Bristol: A city in the Southwest of England, built on the Avon River, Bristol was one of the country’s largest ports. In the 18th century, Bristol’s prosperity was built on slave ships and Thomas Clarkson, an abolitionist, went to Bristol to collect information on the slave trade to bring back to Parliament as evidence. In the 19th century, Bristol’s status as the largest port in England was slowly being overtaken by Liverpool.
Courtesy Titles: If a duke, marquess or earl has a son, the son can use one of their father’s lesser titles as their own until they inherit their father’s title. The title isn’t official and it doesn’t give them a seat in the Lords, so it’s called a courtesy title because the heir is a commoner until they inherit the big title. Only the younger sons of dukes and marquesses use “Lord” with their first names, no one else does. So the Duke of Jamaica isn’t also Lord John, he’s Lord Jamaica. But his younger son can be known as Lord Tom LastName. All daughters of dukes, marquesses and earls use Lady with their first names. The younger sons of earls and all children of viscounts and barons use “The Honorable” before their first name as a courtesy title. Confusing? Yeah. Don’t worry. I only went up as far as viscounts.
Debrett’s Peerage:An encyclopedia of the aristocracy, listing titles, estates, family histories. Still exists.

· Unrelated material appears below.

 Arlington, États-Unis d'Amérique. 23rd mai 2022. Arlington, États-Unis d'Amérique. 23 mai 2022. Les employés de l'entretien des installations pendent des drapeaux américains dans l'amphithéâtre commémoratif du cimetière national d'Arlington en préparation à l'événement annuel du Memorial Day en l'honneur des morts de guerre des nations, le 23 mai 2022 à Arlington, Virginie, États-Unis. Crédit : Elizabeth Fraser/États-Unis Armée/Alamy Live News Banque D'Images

Duke of Slut: Popular in Regency-set romance, the Duke of Slut is a manwhore who has reputedly slept with every woman in the ton, yet miraculously does not have an STD. For some reason, there are hundreds of Dukes running around in the Regency, when in reality, there are usually less than 40 alive at any one time in Britain. The Sunflower solemnly swears not to use dukes at all in her stories, as she’s rather tired of everyone being a duke.
Floating Harbor:Bristol Harbor, on the Avon, which was a major tidal river, meaning that the tides were crazy in difference, making it difficult for ships to get in and out of the city and putting wear and tear on ships. In 1804-09, lock gates were installed in the harbor, giving the section of harbor a constant water level and diverting the river into a cut beside it.
Gretna Green: The first village over the Scottish border, where marriage laws were much looser than in England. Minors could marry in Scotland without permission, so Gretna is the Vegas of its day with quickie weddings.
Hackney: Regency era taxi.
Post chaise: Regency era bus
The Season: Refers to the London social season, lasting from early spring until late June, while Parliament was in session. This is when the rich converged on London to attend balls, lectures, opera, ballet, the theatre and when young ladies made their social debuts.
Titles: The British aristocracy goes like this: Duke, Marquess, Earl, Viscount, Baron. They are all accorded seats in the House of Lords in Parliament. Baronets and knights are titled, but not considered peers (the aristocracy was collectively known as the peerage) and do not have seats in the Lords. Dukes are addressed as “Your Grace;” the others are “my lord” or “your lordship.” See courtesy titles for what the heirs to various peers were called before they inherited.
TSTL:”Too stupid to live.” As in, a heroine who is “feisty” or “unconventional,” but does incredibly dumb things in the course of the story, to be unbelievable entirely.
ton: From French, bon ton, meaning the fashion or good manners. The upper classes were referred to as “the ton.”